(Brief descriptive captions)
= Beginning of Section =

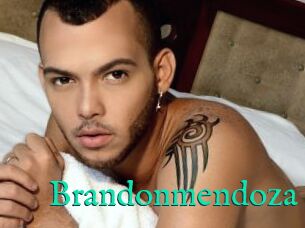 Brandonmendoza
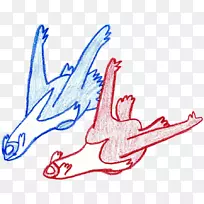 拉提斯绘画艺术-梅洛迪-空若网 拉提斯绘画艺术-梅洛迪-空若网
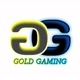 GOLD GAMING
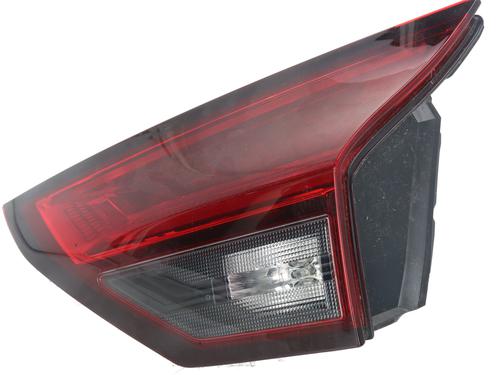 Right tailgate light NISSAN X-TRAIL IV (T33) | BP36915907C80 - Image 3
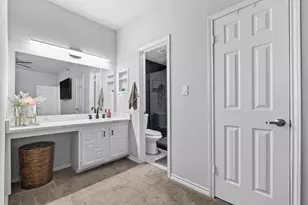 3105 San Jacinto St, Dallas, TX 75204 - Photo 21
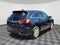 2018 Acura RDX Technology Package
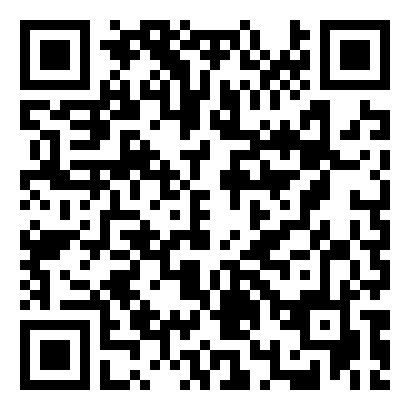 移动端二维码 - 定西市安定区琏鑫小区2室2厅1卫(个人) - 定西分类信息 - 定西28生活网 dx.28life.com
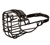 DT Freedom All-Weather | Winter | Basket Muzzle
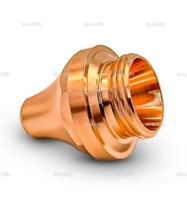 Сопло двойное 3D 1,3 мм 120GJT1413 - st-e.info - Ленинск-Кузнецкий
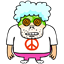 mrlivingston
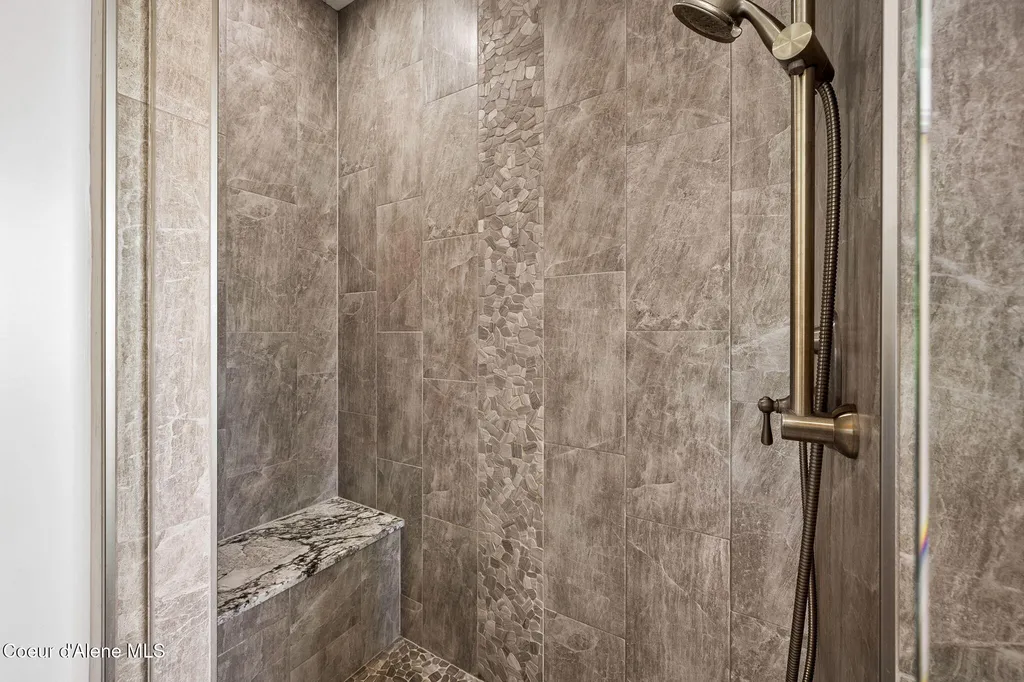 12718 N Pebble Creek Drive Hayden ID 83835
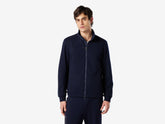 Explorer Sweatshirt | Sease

= End of Section =

TASK DESCRIPTION → Without including any pictures, reproduce the data exactly.

ANSWER AREA →
 Brandonmendoza
 拉提斯绘画艺术-梅洛迪-空若网 拉提斯绘画艺术-梅洛迪-空若网
 GOLD GAMING
 Right tailgate light NISSAN X-TRAIL IV (T33) | BP36915907C80 - Image 3
 3105 San Jacinto St, Dallas, TX 75204 - Photo 21
 2018 Acura RDX Technology Package
 移动端二维码 - 定西市安定区琏鑫小区2室2厅1卫(个人) - 定西分类信息 - 定西28生活网 dx.28life.com
 DT Freedom All-Weather | Winter | Basket Muzzle
 Сопло двойное 3D 1,3 мм 120GJT1413 - st-e.info - Ленинск-Кузнецкий
 mrlivingston
 12718 N Pebble Creek Drive Hayden ID 83835
 Explorer Sweatshirt | Sease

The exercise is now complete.